In practice, this ends up being a complete overhaul of the way that *modules* are being serialized (not just the AST part), although things like the serialization format for the Slang IR and for source locations are not affected.
The rest of this commit message is broken down in to sections, in an attempt to help guide anybody looking at the code in how to make sense of all the changes.
The Old C++ Extractor
---------------------
AST serialization used to be driven by information scraped using the `slang-cpp-extractor` tool, which did an ad hoc parse of the C++ declarations of the AST node types and then generated a set of "X macros" that could be for macro-based code generation within the rest of the compiler.

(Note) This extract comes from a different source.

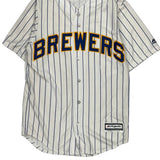 Milwaukee Brewers Majestic Striped Jersey - Small Blue Polyester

While the existing approach was functional, it wasn't easy to understand or maintain, and it has been getting in the way of forward progress on other features we'd like to work on in the language and compiler.
This change removes the `slang-cpp-extractor` tool entirely.
Marking Up the AST Declarations
-------------------------------
The most notable change that contributors to the compiler may notice is the large number of invocations of a macro `FIDDLE()` on the declarations of the AST node types.
The basic idea is that only declarations (namespaces, types, fields) that are preceded by `FIDDLE()` are visible to the code generator tool.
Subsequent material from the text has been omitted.